Dans tout cela il ne faut pas considérer seulement la forme, c’est-à-dire l’alliance de deux organisations. Il faut regarder le fond, c’est-à-dire la dynamique qui était visée et qui se produisit. C’est par une claire rupture avec le néolibéralisme et les eaux troubles du social-libéralisme que la confiance s’est reconstruite dans d’amples secteurs populaires. Elle nous a donné l’avantage et la prééminence face à la gauche traditionnelle. L’alliance de Hamon et de Jadot passa au contraire de 18 % à 6 %. Cela ne tenait pas à la personne du candidat EELV /PS. Mais en dépit de certaines propositions de rupture du programme Hamon, le poids des autres incertitudes de ce même programme et le soutien de leurs appareils respectifs paru suspect et même menaçant au grand nombre. N’avait-il pas été déjà tant trahi par Hollande et ses lois antisociales comme celle de Myriam El Khomri ? Ces traits de situation surgissent plus crument que jamais dans le contexte actuel. Ils se résume d’une question : qui doit conduire la rupture écologique et sociale ? Jusqu’à quel point cette rupture ? Qui donne les meilleures garanties de constance sur le sujet ? Ce n’est pas une question limitée aux aspects de « communication », de slogan, de positionnement. Et encore moins à la liste des sigles des partis qui « présentent une candidature ». La question est dans la société.
Jusqu’à quel point la société est-elle prête à rompre avec l’état des choses du présent ? Pour le savoir, il faut le lui demander.
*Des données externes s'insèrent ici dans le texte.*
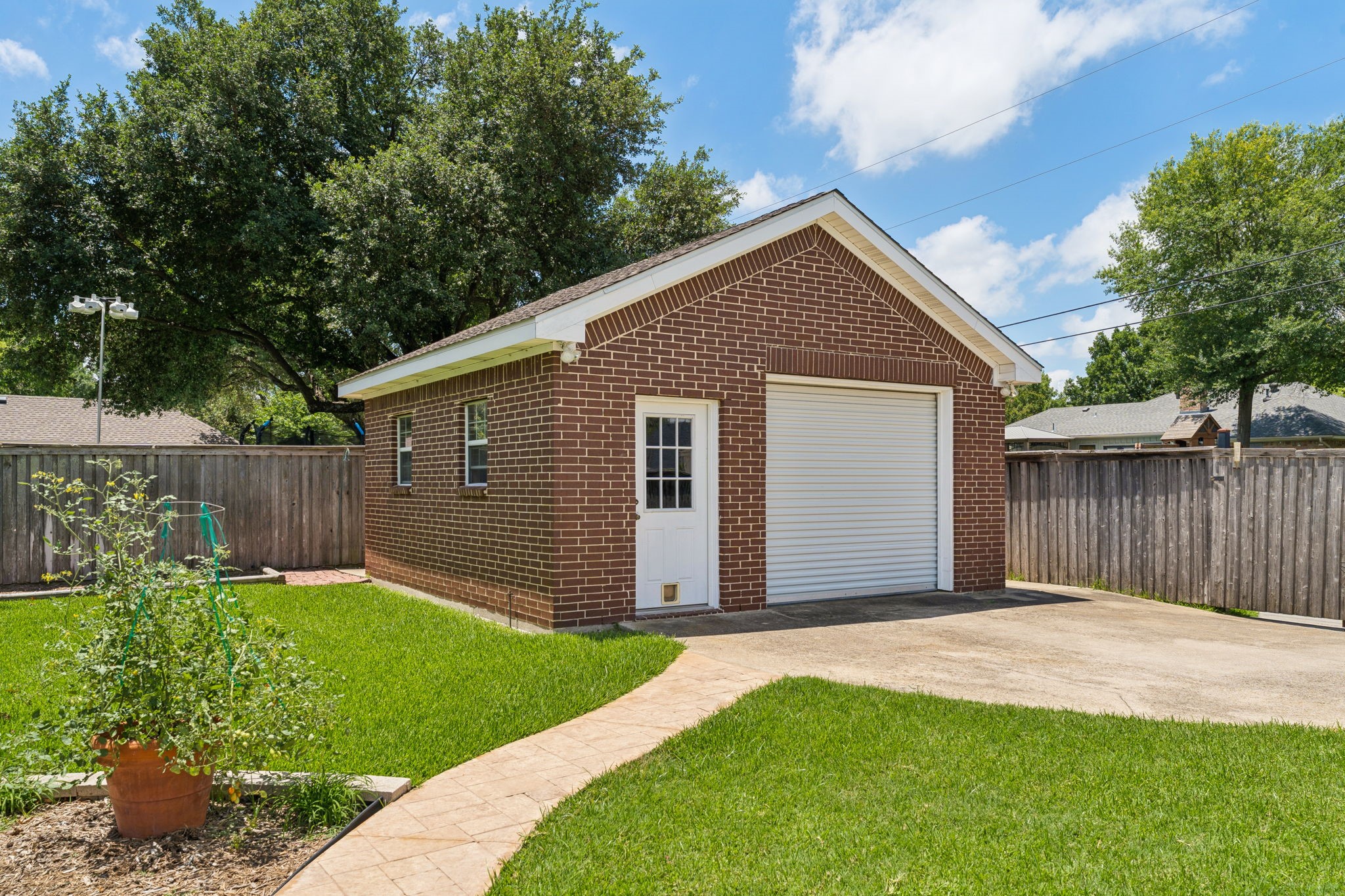 213 Mesa Drive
C’est à cela que servira l’élection présidentielle. Cette élection désormais ne se confond avec aucune autre. Elle est vécue et pensée par tout un chacun pour ce qu’elle est : celle où se joue le sort global du pays et de toutes les institutions qui le constituent. La nature de la monarchie présidentielle est désormais bien comprise. Elle a généré une culture politique particulière après 60 ans de vie politique sous ce régime. Le problème posé est donc de savoir si on accepte d’assumer tous les risques de la proposition de rupture comme le fait le programme « L’Avenir en commun ». Ou bien si on décide de remettre le pilotage de la rupture à des « centristes » censés attirer mieux le consommateur de politique à mi-chemin de toute destination.
« Centriste » ici désigne non pas le succédané habituel de la droite mais ceux qui professent une position à mi-chemin des exigences de la cause et de leurs intérêts électoraux d’organisation. Quand Jadot répond à la question « vous diriez vous un opposant ? » et qu’il répond « non jamais », je crois qu’il incarne bien ce que je désigne comme « centriste ». Cela n’enlève rien au mérite et à l’utilité de Jadot et de son parti. Mérite ? Celui de la franchise et du refus de maquiller son point de vue. Utilité ? Aider au fractionnement de l’électorat passé du PS vers la macronie que les violences liberticides du macronisme révulse.
Le contexte municipal se présente comme une percée d’EELV. Même si souvent ceux-ci conduisent des liste de coalition ample dans lesquelles sont souvent des Insoumis. Ce résultat sera une aide signalée en vue de ce dépeçage de la macronie par le milieu de son ventre mou. Au final, tout cela aide à l’achèvement du démembrement du champ politique traditionnel. Mais cela n’enlève rien à la nécessité d’assumer l’alternative jusqu’au bout et de s’en donner les moyens. Entre ce que représente EELV et ce que nous représentons, la différence n’est pas l’écologie mais le contenu de nos politiques écologiques respectives quand il faut affronter la responsabilité du capital dans le modèle économique productiviste. La différence a davantage une couleur de classe qu’une tournure strictement idéologique.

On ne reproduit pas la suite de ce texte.